Positive aber auch negative Effekte durch die neuen Medien

Seit seiner Gründung im Jahr 2000 bietet der Arbeitskreis Möglichkeiten zum Austausch, so wie zur Vernetzung. Er umfasst verschiedene Fachkräfte kommunaler Akteure und anerkannter Träger der freien Jugendhilfe. Zu diesen gehören unter anderem Sunrise/SLADO e.V., aidshilfe dortmund e.V. oder die Beratungsstelle Westhoffstraße. ___STEADY_PAYWALL___

Vor dem offiziellen Auftakt der Eröffnungsfeier boten Mareike Wellner und Michael Schank den Nordstadtbloggern im Gespräch einen kleinen Überblick zu den Themen, die in den letzten Jahren relavanter wurden, so wie zu den Themen die es nach wie vor geblieben sind. Mareike Wellner arbeitet seit zehn Jahren im „Arbeitskreis Sexuelle Bildung“, Michael Schank bereits seit dessen Gründung vor 21 Jahren.

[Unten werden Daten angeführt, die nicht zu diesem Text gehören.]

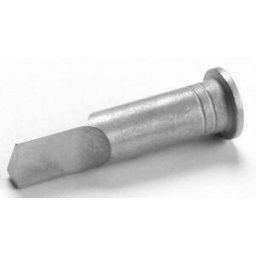 Ersa 0G132MN Lame chauffante Contenu 1 pc(s)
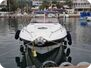 Sunseeker Superhawk 34 - Motorboot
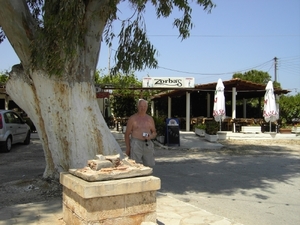 kreta 2009 (50)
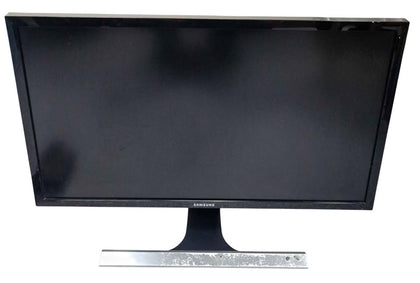 Samsung U28E590D UHD 4K Monitor, C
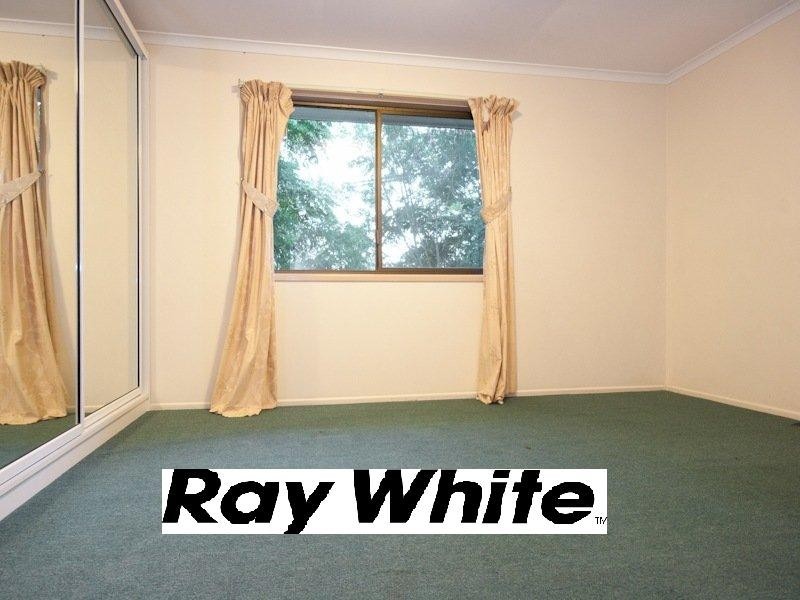 17  Tallagandra Road, Beenleigh QLD 4207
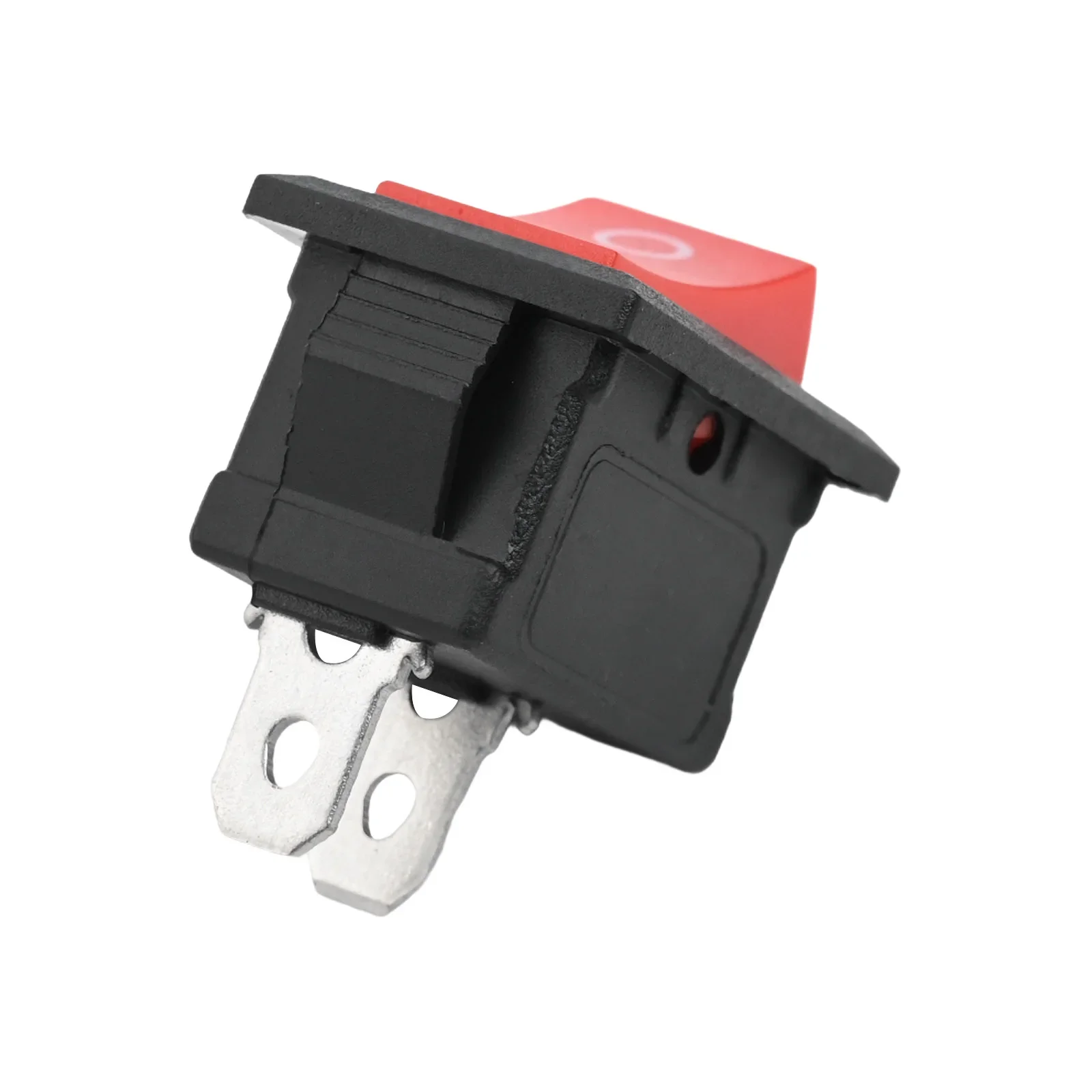 Carlton Power Tools - Interruttore di arresto on/off per motoseghe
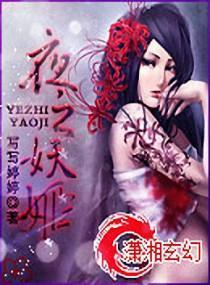 草包公主很妖孽封面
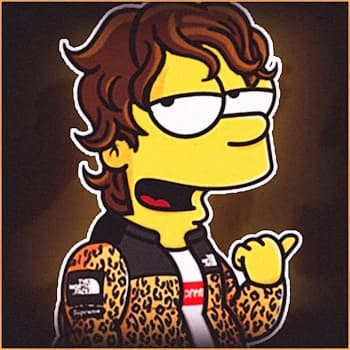 xVoter's Kick streamer profile picture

„Gerade das Thema digitale Medien ist einfach ganz in den Vordergrund getreten, was positive Effekte hat, was aber auch negative Effekte hat“, erklärt Wellner. Sie und Schank leisten ein großen Teil ihrer Bildungsarbeit in Schulen. Michael Schank arbeitet mit den Jungs, Mareike Wellner mit den Mädchen. „Bei den Mädchen kriege ich viel mit, dass auch sexualisierte Übergriffe passieren durch digitale Medien, Dinge werden weitergeschickt, Sexting ist ein Thema.“

Das ausführliche Programm mit weiteren Infos finden Sie im Anhang des Artikels.

Positiv falle auf, dass viele Jugendliche durch digitale Medien besser informiert und offener seien. Der Begriff LGBTQ+ sei den meisten ein Begriff. „Zumindest vor 15 Jahren wurde gerade das Thema Homosexualität spontan oft negativ kommentiert.(…) Das hat sich auch deutlich verändert“, sagt Schank.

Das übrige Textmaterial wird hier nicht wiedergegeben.